Last night as I was drifting off to sleep, I don't know what triggered it but I got the most amazing sense of peace, happiness, and comfort. I actually came awake - I was not dreaming, I did not have a vision, and yet I felt such a good benevolent presence. I eventually went to sleep but I slept so amazingly well and although I did wake up a couple of times during the night, that slightly euphoric feeling was with me the entire night. I honestly wondered if I was dying, and if that was what we will feel in Paradise - and I'll admit even though I love my wife and two sons, I was ready and willing to go. If the high you get from drugs approach the feeling, I completely understand how addiction happens. It felt like nothing I have ever experienced.
Anyway, I din;t get any insights, nothing to pass along. I'm not going to say don;t be concerned about what is going on in the world - I think part of the reason we are here is to be concerned and working to help right what is wrong with the world. I guess what I would say is - do what you can do, but at that point don't let your heart be troubled, take JOY in that you are one of the one's chosen to help with the great and marvelous work that is coming.
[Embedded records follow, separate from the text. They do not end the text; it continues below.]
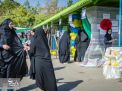  گزارش تصویری | اردوی نو دانشجويان دانشگاه صنعتی شاهرود در پردیس آموزشی معدن | دختران  (20 و 21 مهر ماه) 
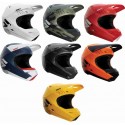 Shift Whit3 Helmet Helm 2018 Motocross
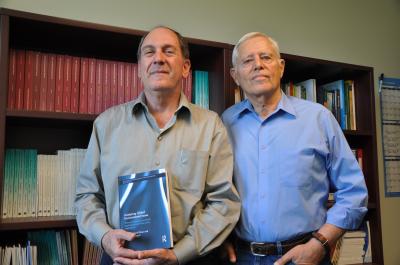 Ariel Dinar and Amnon Rapoport, University of California - Riverside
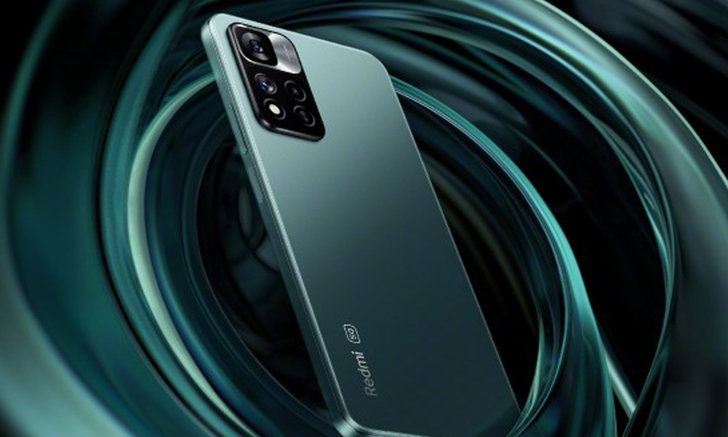 Redmi Note 11 Series เตรียมเปิดตัวอย่างเป็นทางการ 28 ตุลาคมนี้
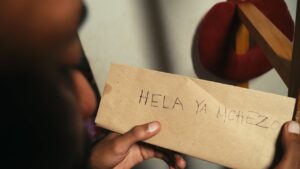 VIDEO : Rapcha – Politrix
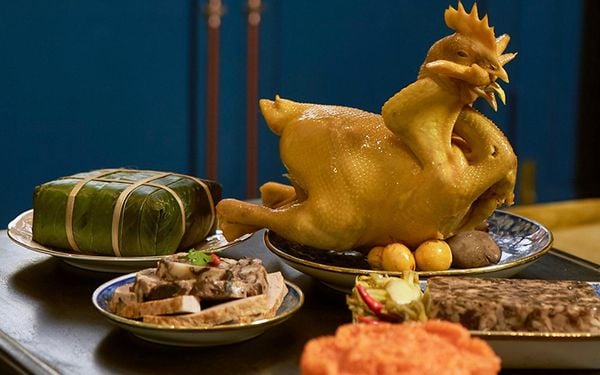 Văn khấn cúng tiễn tổ tiên năm mới – Sắm lễ vật dâng cúng tiễn ông bà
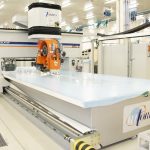 Strata has deployed two of the latest generation MTorres Automatic Tape Laying (ATL) machines to support its Airbus A350-900 manufacturing capabilities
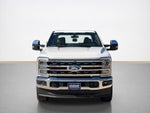 2027 Ford Super Duty F-350 SRW LARIAT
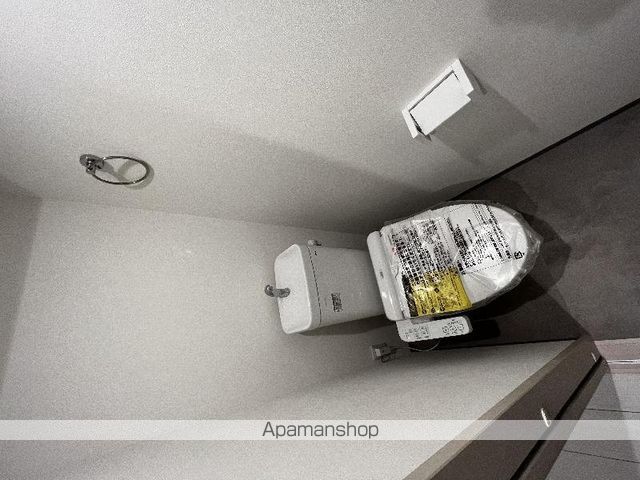 CRASTINE大蓮北4丁目Cの内装写真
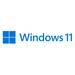Microsoft Windows 11 Pro, 1 Lizenz(en), 64 GB, 4096 GB, 1000 GHz, Polnisch, DVD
Wow, I just realized something! My oldest son was stressing big time yesterday, because he was sick for a week, and he is an outstanding student and he was freaking out because he had so much work to do. And I put my arm around him and just said "Do what you can do, do your best, and don't worry about possibly getting a B or a C." And I realize that Heavenly Father may have been doing the same for me last night... :ymhug:
Maybe I get a little too worked up on the "Mitt Romney" and similar topics. Maybe it is best if I do what I can to learn from others, raise a voice of warning where I see the need and then just let it go...continue to discuss where appropriate but the bottom line is, if I ahve delivered the message to the best of my ability, the other person still has the right to accept or reject, and there is nothing to be gained by building up animosity and enmity by hammering away on the same points...I'll try harder to be respectful to those with whom I disagree. I do get angry at what I see as willful ignorance, and that has to stop.
I love you all, even those of you that I have strong disagreements with. I am sorry to Janadele and ChemtrailWatcher for giving offense, and for in some cases being intentionally offensive. I'm not sorry for what I have said, but I am sorry for how I said it.